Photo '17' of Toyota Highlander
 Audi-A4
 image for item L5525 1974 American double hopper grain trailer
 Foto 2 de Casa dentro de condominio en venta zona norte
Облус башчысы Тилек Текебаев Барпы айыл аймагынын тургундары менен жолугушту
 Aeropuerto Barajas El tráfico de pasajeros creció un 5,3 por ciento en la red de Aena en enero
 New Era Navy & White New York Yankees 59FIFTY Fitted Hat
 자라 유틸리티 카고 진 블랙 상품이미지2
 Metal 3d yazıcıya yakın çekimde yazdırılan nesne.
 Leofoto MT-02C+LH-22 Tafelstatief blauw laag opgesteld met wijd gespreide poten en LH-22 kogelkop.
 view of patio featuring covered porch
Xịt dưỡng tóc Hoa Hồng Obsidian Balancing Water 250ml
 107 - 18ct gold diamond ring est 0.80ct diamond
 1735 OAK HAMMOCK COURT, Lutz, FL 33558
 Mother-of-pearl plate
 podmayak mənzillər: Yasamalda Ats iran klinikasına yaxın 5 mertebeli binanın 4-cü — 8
....
Exercise directions -> Taking the line that contains "자라 유틸리티 카고 진 블랙 상품이미지2" as the first, reproduce every line through the end of the entries exactly.

Written solution ->
 자라 유틸리티 카고 진 블랙 상품이미지2
 Metal 3d yazıcıya yakın çekimde yazdırılan nesne.
 Leofoto MT-02C+LH-22 Tafelstatief blauw laag opgesteld met wijd gespreide poten en LH-22 kogelkop.
 view of patio featuring covered porch
Xịt dưỡng tóc Hoa Hồng Obsidian Balancing Water 250ml
 107 - 18ct gold diamond ring est 0.80ct diamond
 1735 OAK HAMMOCK COURT, Lutz, FL 33558
 Mother-of-pearl plate
 podmayak mənzillər: Yasamalda Ats iran klinikasına yaxın 5 mertebeli binanın 4-cü — 8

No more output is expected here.